Expert	Role	Specialization
Asmoday	Code	Python development, debugging
Istaroth	Systems	OS, networking, deployment
Ronova	Reasoning	Math, logic, step-by-step problems
Naberius	Memory	Long-term retrieval
Phanes	Creation	Writing, generation
Barbeloth	Analysis	Data patterns, insights
Tacet	Silence	Noise filtering, summarization
Abby	Empathy	User context, preferences
Reindoter	Validation	Testing, verification
Zestial	Vision	Visualization, diagrams
Alice	Exploration	Novel solutions, experiments
Rover	Execution	Terminal commands, sandbox

Persistent Memory

SHOREKEEPER maintains a JSON-based memory store across conversations, organized into six categories:

user_preferences — learned user settings and habits
project_context — active project information
conversation_history — past exchanges (capped at 1,000 entries per category)
important_facts — stored knowledge
code_patterns — learned code conventions
learned_skills — acquired capabilities

Memory context is automatically injected into each chat() call. Use /remember and /recall commands to interact with it directly.

Training

Training happens in two stages:

Stage 1 — Supervised Fine-Tuning Mixed STEM dataset: GSM8K, CodeAlpaca, OpenOrca, MathInstruct (~50K examples). Standard causal language modeling loss with AdamW + cosine annealing.
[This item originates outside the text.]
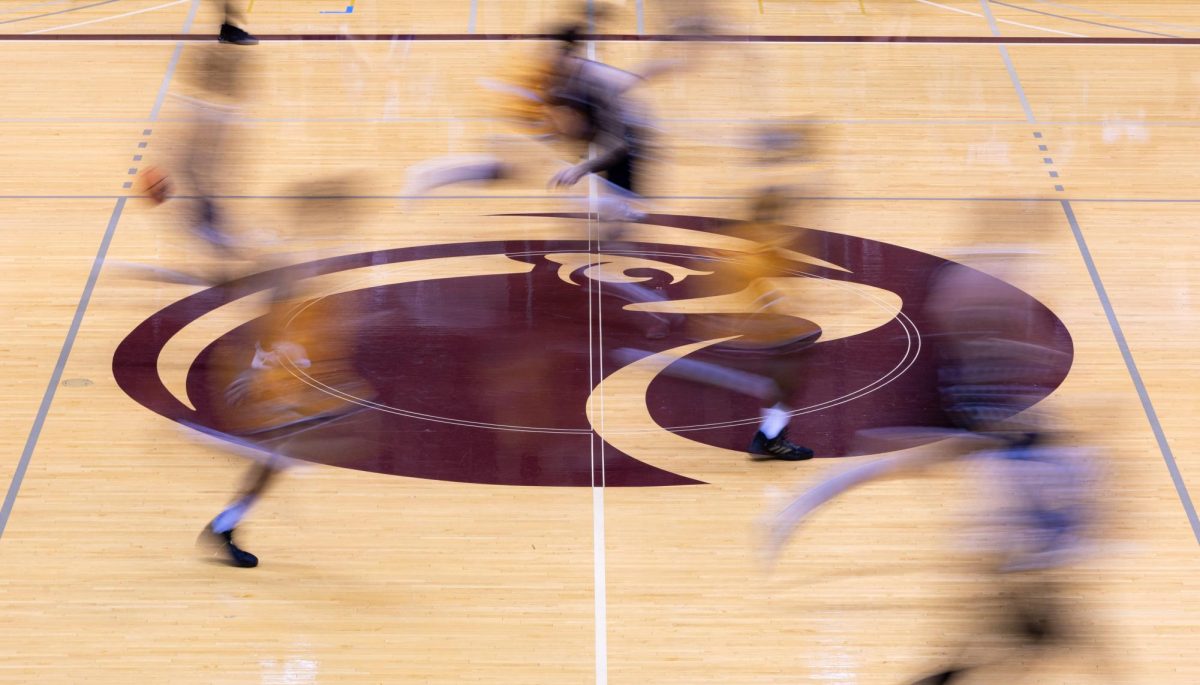 FILE - Players make their way over the Seattle Pacific University Athletics logo during a basketball game on Nov. 18, 2023 in Seattle.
Stage 2 — GRPO Group Relative Policy Optimization on math reasoning prompts. Reward signal: +2.0 for correct answer, +0.5 bonus for chain-of-thought reasoning steps. Load balance loss applied every step to prevent expert collapse.

Sandboxed Execution

SHOREKEEPER can execute terminal commands inside a Docker container with:

Command whitelist (python3, pip, git, ls, cat, mkdir, touch, echo)
30-second timeout
4GB memory / 2 CPU limit
No interactive shell access

Quick Start

pip install -r requirements.txt
python scripts/07_run_shorekeeper.py

Available commands in the CLI:

/remember <fact>    Store something in long-term memory
/recall <query>     Search memory
/run <command>      Execute in sandbox
/project <name>     Create a new project
/exit               Quit

Project Structure

src/
├── shorekeeper.py          Main model class
├── council/
│   ├── attention.py        GQA + RoPE attention layer
│   ├── sentinel.py         Expert router
│   ├── experts.py          12 expert modules
│   └── base_expert.py      Shared expert base class
├── memory/
│   └── json_library.py     Persistent memory system
├── sandbox/
│   └── terminal.py         Docker-based execution
└── training/
    └── grpo.py             GRPO trainer

configs/                    YAML configs (model, training, memory, sandbox)
scripts/                    Training and inference scripts
tests/                      Unit tests

Requirements

Python 3.10+
PyTorch 2.5+
CUDA recommended for inference at full precision
Docker (optional, for sandbox execution)

pip install -r requirements.txt

Variants

A 15B variant config is available at configs/model_15b.yaml (dim 6144, 48 layers, 16 experts).